> [TO DO]: Write out only the opening lines of the entries, through the line with "Berger 91008 Replacement".

[Recorded data]
- Opening Delimiter -
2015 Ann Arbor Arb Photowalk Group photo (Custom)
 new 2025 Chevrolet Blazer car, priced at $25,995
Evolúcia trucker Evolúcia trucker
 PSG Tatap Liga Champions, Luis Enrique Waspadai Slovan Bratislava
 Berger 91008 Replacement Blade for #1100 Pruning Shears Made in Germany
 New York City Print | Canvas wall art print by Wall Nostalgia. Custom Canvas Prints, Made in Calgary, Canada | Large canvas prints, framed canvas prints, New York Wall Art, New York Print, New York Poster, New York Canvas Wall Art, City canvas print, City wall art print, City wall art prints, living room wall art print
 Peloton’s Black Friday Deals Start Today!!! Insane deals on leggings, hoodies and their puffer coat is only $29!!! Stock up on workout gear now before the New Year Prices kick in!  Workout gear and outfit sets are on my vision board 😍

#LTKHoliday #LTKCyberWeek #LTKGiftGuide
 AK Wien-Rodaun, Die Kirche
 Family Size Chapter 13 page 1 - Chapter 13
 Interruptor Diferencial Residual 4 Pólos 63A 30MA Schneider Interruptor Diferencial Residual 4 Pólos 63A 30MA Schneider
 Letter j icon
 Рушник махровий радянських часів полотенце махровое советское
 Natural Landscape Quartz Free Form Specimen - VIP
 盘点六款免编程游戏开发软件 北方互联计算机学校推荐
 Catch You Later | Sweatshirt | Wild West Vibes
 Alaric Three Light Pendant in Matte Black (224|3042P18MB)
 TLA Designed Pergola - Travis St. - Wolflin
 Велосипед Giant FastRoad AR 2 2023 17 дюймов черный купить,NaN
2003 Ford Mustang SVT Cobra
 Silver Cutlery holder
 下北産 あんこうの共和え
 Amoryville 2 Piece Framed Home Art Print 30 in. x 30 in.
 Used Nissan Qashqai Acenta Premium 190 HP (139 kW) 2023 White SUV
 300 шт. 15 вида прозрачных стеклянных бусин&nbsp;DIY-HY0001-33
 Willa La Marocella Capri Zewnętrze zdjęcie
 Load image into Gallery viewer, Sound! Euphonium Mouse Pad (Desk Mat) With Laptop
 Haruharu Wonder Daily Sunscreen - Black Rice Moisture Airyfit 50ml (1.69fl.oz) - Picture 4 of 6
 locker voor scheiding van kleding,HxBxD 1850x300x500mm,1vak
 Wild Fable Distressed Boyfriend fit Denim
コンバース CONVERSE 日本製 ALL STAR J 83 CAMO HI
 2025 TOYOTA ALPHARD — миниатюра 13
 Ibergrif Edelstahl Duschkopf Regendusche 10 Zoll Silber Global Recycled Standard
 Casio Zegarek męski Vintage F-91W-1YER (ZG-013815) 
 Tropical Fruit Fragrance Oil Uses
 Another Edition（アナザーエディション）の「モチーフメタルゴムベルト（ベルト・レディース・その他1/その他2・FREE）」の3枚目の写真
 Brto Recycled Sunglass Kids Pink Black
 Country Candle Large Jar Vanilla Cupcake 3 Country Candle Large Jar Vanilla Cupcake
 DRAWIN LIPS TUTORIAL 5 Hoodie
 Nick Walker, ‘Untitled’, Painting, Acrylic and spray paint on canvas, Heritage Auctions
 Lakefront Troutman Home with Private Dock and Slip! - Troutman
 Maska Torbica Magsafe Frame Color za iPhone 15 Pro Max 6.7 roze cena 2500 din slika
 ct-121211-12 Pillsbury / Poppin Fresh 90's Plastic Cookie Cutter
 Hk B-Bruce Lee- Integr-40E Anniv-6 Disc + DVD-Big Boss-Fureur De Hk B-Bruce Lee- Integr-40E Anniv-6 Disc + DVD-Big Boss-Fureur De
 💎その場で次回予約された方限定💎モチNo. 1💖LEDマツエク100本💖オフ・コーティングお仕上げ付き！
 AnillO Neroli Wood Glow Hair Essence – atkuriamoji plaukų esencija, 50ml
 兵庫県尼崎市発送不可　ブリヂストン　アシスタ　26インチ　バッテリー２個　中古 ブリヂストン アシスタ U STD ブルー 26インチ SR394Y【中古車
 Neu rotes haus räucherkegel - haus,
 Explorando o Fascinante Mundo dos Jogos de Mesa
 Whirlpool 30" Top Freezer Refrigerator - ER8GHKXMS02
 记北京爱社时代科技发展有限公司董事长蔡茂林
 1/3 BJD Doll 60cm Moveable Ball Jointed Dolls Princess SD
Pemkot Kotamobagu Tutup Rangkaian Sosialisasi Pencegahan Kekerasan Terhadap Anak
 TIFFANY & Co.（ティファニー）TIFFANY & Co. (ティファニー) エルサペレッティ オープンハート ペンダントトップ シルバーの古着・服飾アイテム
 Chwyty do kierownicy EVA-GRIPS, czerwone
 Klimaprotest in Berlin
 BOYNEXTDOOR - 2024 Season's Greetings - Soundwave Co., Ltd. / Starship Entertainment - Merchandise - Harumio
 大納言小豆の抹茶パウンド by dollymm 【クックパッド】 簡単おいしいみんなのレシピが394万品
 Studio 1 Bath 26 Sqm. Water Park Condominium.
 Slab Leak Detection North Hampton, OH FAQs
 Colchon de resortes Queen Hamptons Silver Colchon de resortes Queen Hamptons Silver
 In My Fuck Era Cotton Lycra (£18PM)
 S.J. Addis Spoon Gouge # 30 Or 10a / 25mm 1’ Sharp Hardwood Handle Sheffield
- Closing Delimiter -
> [ANSWER TO THIS EXERCISE]:
2015 Ann Arbor Arb Photowalk Group photo (Custom)
 new 2025 Chevrolet Blazer car, priced at $25,995
Evolúcia trucker Evolúcia trucker
 PSG Tatap Liga Champions, Luis Enrique Waspadai Slovan Bratislava
 Berger 91008 Replacement Blade for #1100 Pruning Shears Made in Germany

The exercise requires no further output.